The motion court should not have accepted defendant's blanket challenge to pre-closing communications between plaintiffs' counsel and KDC that were withheld as attorney-client privileged. Although, generally, communications made in the presence of third parties are not privileged from disclosure because they are not deemed confidential, statements made to the agents of the attorney or client retain their confidential (and therefore, privileged) character, where the presence of such third parties is deemed necessary to enable the attorney-client communication and the client has a reasonable expectation of confidentiality. It is not dispositive for purposes of the agency exception that KDC did not have a fiduciary or formal agency relationship with plaintiffs.

It is true that KDC was not retained to assist plaintiffs' counsel in providing legal advice. However, the unrebutted evidence reflects that KDC spent some portion of its time helping counsel to understand various aspects of the transaction for that purpose. As such, KDC's presence was necessary to enable attorney-client communication.

Plaintiffs also had a reasonable expectation that the confidentiality of communications between their counsel and KDC would be maintained. Plaintiffs' counsel attested that KDC promised to keep all such communications confidential. The governing Purchase and Sale Agreement also specified that all privileged documents related to the transaction would remain protected from disclosure to defendant even after closing.

Contrary to defendant's contention, the Cooperation Clause in KDC's engagement letter did not undermine the reasonableness of this expectation of confidentiality, as it only required reasonable assistance to the Company (now owned by defendant), and should thus not be read to require KDC to turn over privileged documents.

Thus, plaintiffs demonstrated that KDC's presence was deemed necessary to enable the attorney-client communication and that they had a reasonable expectation that the confidentiality of communications between their counsel and KDC would be maintained - at least as a general matter. Defendant is free to challenge specific documents on plaintiffs' privilege log.

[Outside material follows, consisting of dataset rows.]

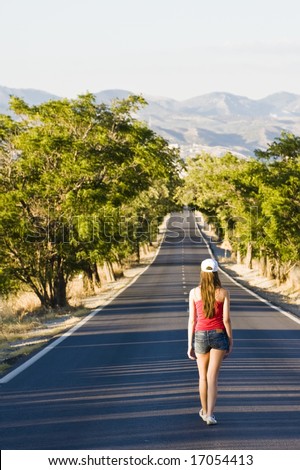 Young woman walking in the middle of the road.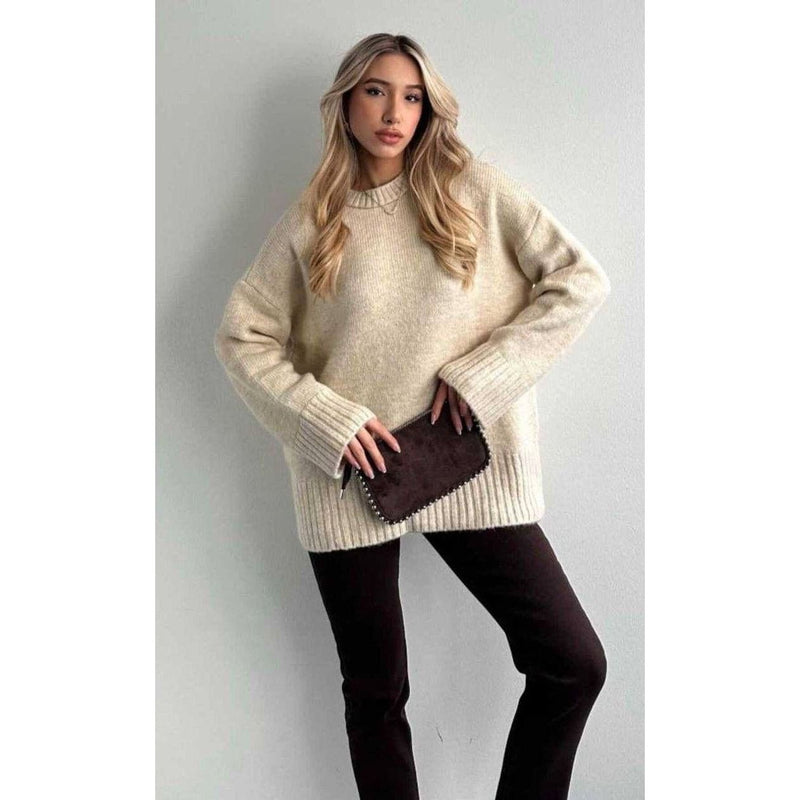 Woman wearing a beige sweater and dark pants against a plain background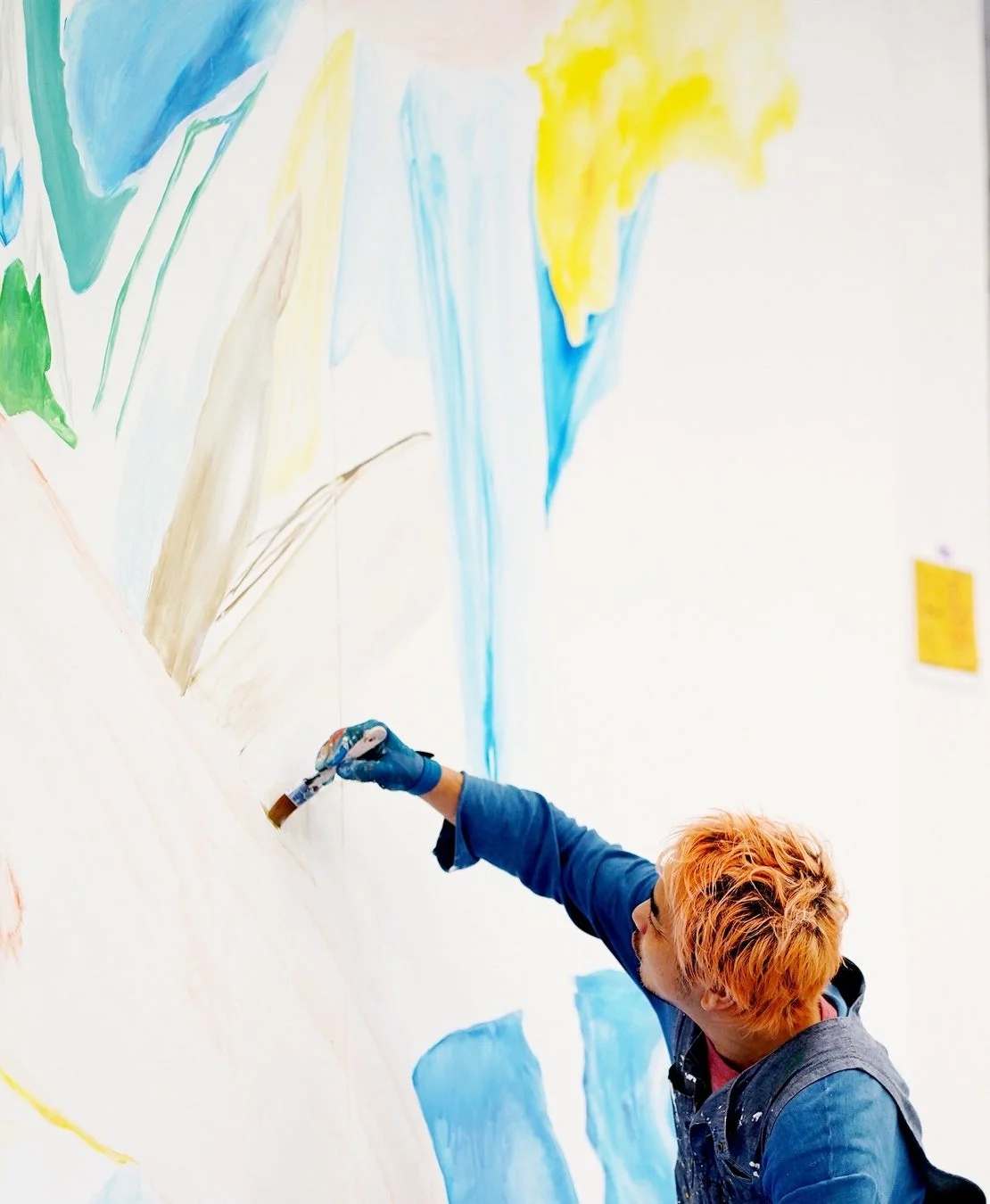 オレンジ色の髪の人物が、青い手袋をはめて大きな白い壁にカラフルな抽象画を描いている様子。集中して筆を動かし、鮮やかな色彩が広がるダイナミックな創作活動の一場面です。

Insofar as defendant's challenge to the withholding of post-closing communications between plaintiffs' counsel and KDC on attorney work product grounds is limited to challenging the reasonableness of the same expectation of confidentiality as discussed above, it is equally unavailing.

An issue that arises in almost all complex commercial litigation is identifying evidence that should be withheld from production in evidence because it is subject to the attorney-client or other privilege. Contact Schlam Stone & Dolan partner John Lundin at jlundin@schlamstone.com if you or a client have questions regarding the attorney-client, common interest, work product or other privileges or exemptions from production of evidence.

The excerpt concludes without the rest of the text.